If you have siblings, they can help relate to what you are feeling about the current situation. She seems to be a good, kind, smart woman and a loving mother and grandmother. You can add to the conversation by adding your answer as a comment. My father ended up selling their house and moving to Israel, where my parents had kept an apartment for 20 years. The wound of loss is too fresh.
My dad grieved terribly when he is found out her cancer was terminal, and he still cries when he talks about her. I need some time to think and feel before I talk to him about this. Cecilia b said on October 17, 2014 at 4:28 pm. I was feeling really awkward about the situation but since I confronted him and told him no more sneaking around and lying I feel much better. Since Mom's been gone, I've just gone on believing that he can fill part of that void, until now he's dating : Now it feels like I'm losing my dad too.

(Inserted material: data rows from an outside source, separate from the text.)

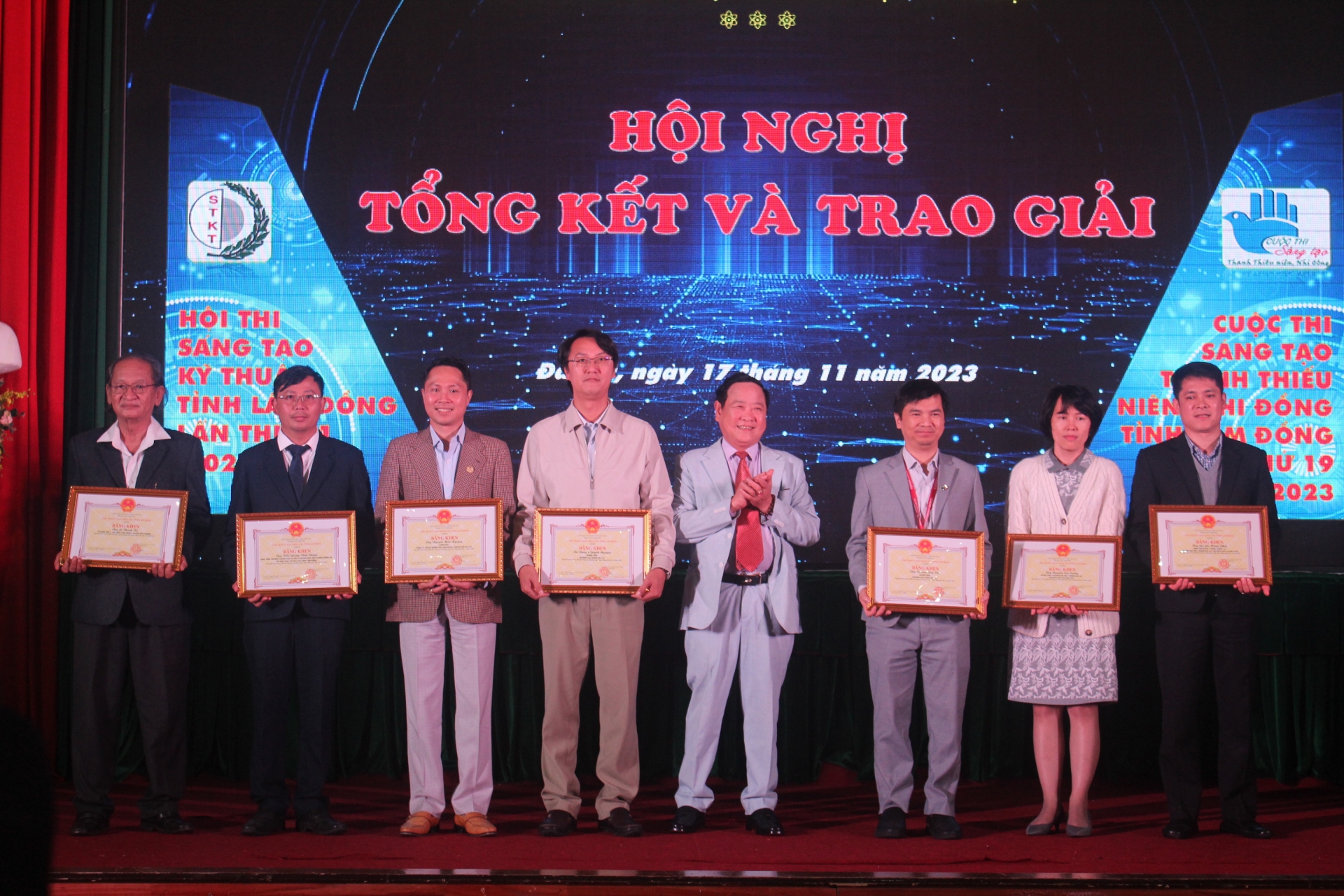 Khởi động Hội thi Sáng tạo kỹ thuật tỉnh Lâm Đồng lần thứ 12
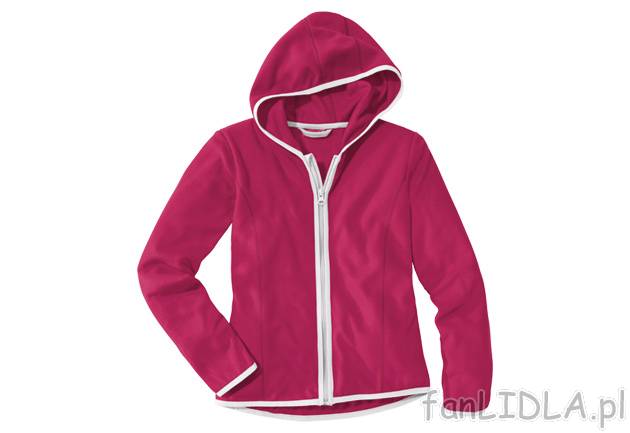 Bluza dziewczęca Pepperts, cena 22,99 PLN za 1 szt. 
- miękka i delikatna 
- ...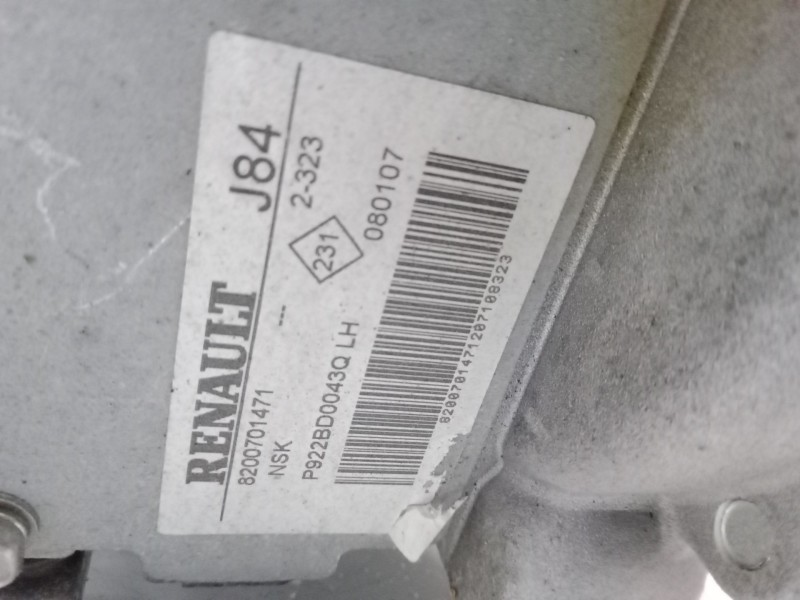 Recambio de columna direccion electrica para renault scénic ii (jm0/1_) 1.5 dci (jm1e, jm16) referencia OEM IAM 8200701471  P922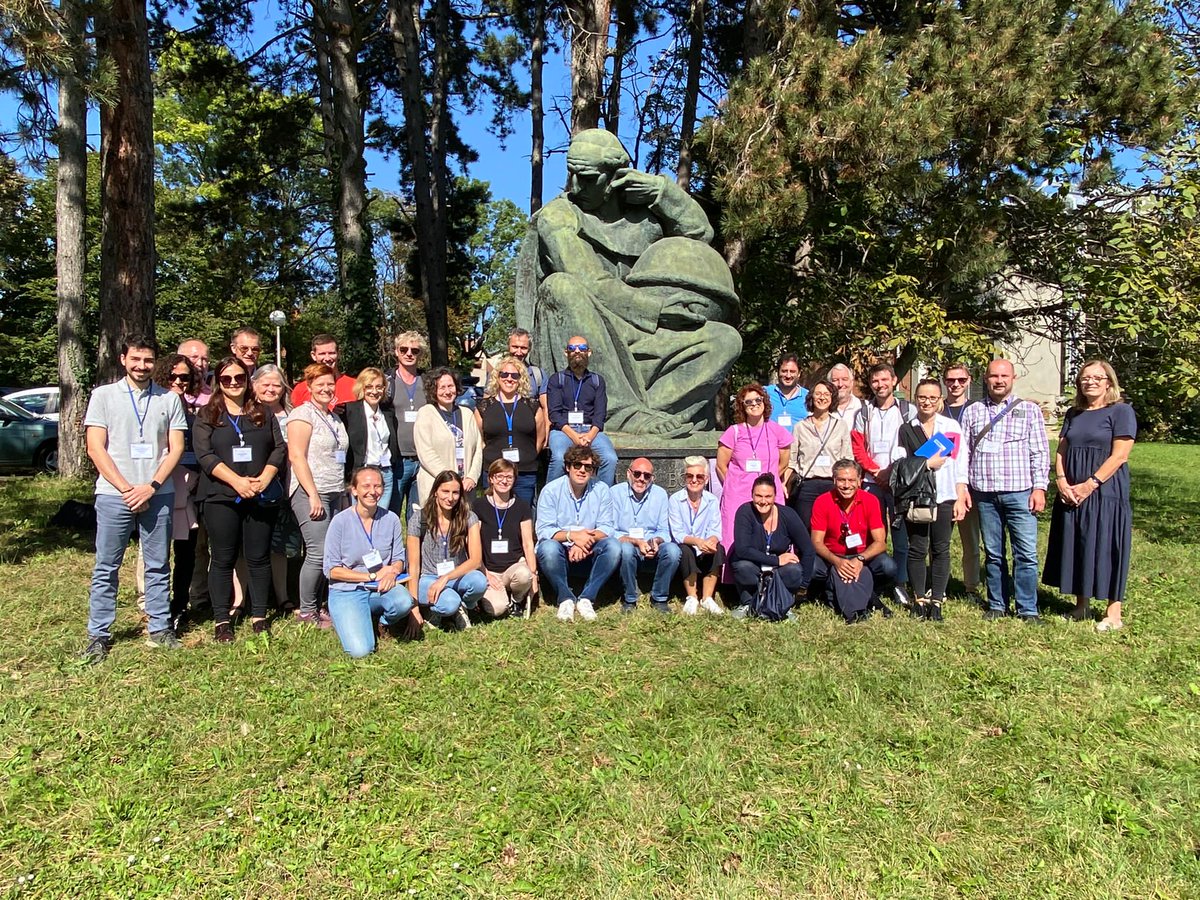 In September Prof. Carmelo Sgarlata had the pleasure to attend the @CostNectar "Advanced school on aqua ions and hydrolis-related equilibria" held in Zagabria! It was a great opportunity to fruitfully enrich his experienxe in the field of solution equilibria and thermodynamics.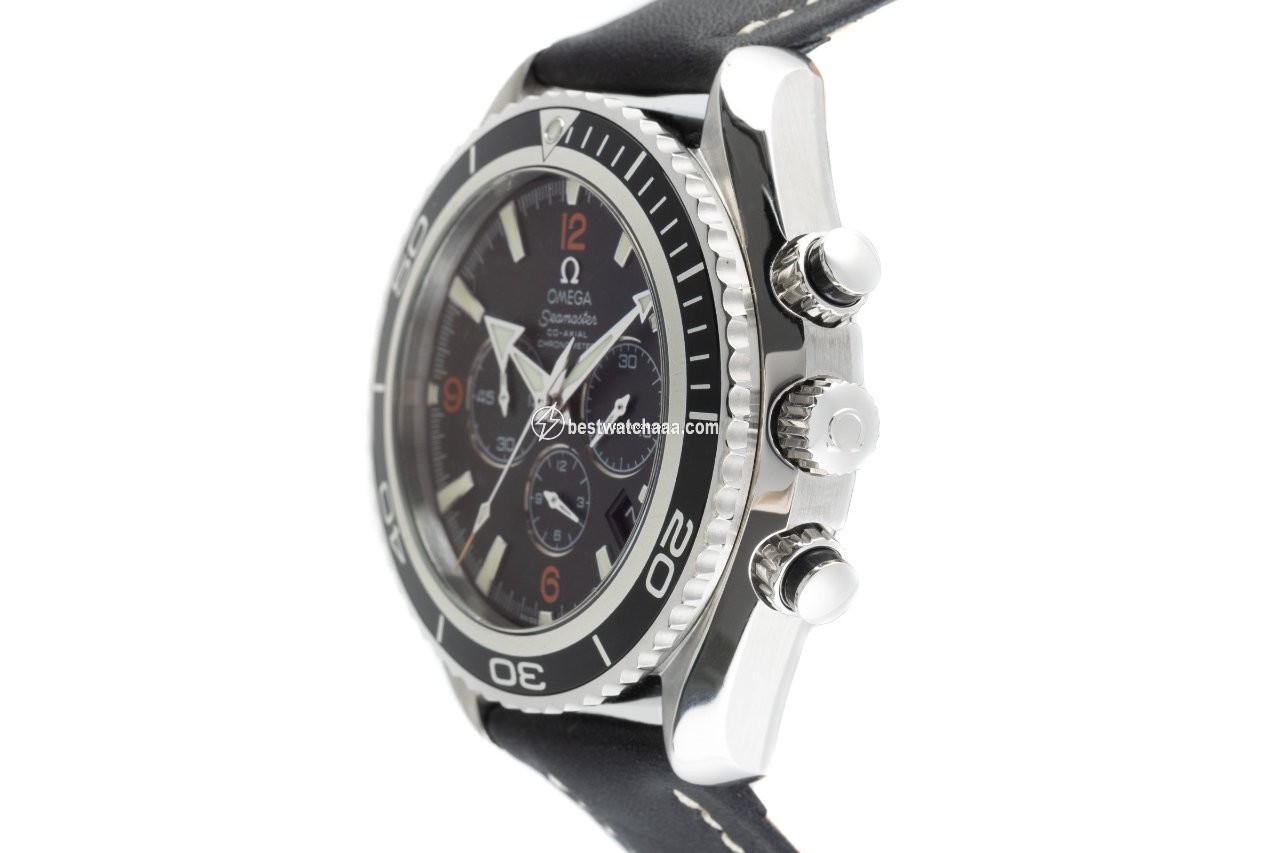IMG_9086 Omega Seamaster Planet Ocean Chronograph Mens watch Unisex Automatic Steel 2910.51.82 3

They were happy and my dad adored my mom. My mom and dad never had a good relationship. Your dad is probably trying to fill the gap in his heart, but knows dating wont really help. And his personal life is really none of my business. Embracing that might sweeten your disposition toward cake-bearing Kathies. Yeah, my dad did it just 5 months after mom died. You have ever right to feel the way you do.
Then to pick someone my mom knew and disliked, even more despicable! My mom stayed in the same house and got a new boyfriend very very quickly. What it comes down to is boundaries and respect for one anothers' feelings. Especially when it comes from someone who is in a close position to you. We agreed that the woman looked like a normal, nice person. I just cant wrap my mind around why he wants to date. My father was cognizant of the fact that he was still living, and should continue to do so as fully as possible.
We don't like her and what she did to my dad, my family and my mom's memory is unforgivable. He asked me if when the time comes if I would like to meet her and I said Yes but I told him that I will let him know if I;m not feeling a good vibe about it. My mom had to teach bim how to pick out his clothes for work and how to match. Fast forward 20 years and I found myself widowed at age 61. My beloved mother died two years ago from cancer. Jessica said on May 10, 2014 at 11:35 am.
We have not met the woman he is dating yet. And he yells way too much when we talk about her. My mom never dated until recently. My dad has not held the boundaries, so I have to. The picture looked like a head shot, giving it a formal, removed look as if it could have been pulled from a magazine.
I get that he is still young, hes only 62. You would think he could handle crying women but he just gets flustered, poor guy. Especially, if it was a happy long term marriage. He has taken an interest in my carrier as an actress and comes to my performances with my mother. My parents got divorced about 4 years ago and it is really herd on me. If she does fall more deeply in love with this new man than she was with my father how is that…possible? My sister and I were disgusted with him.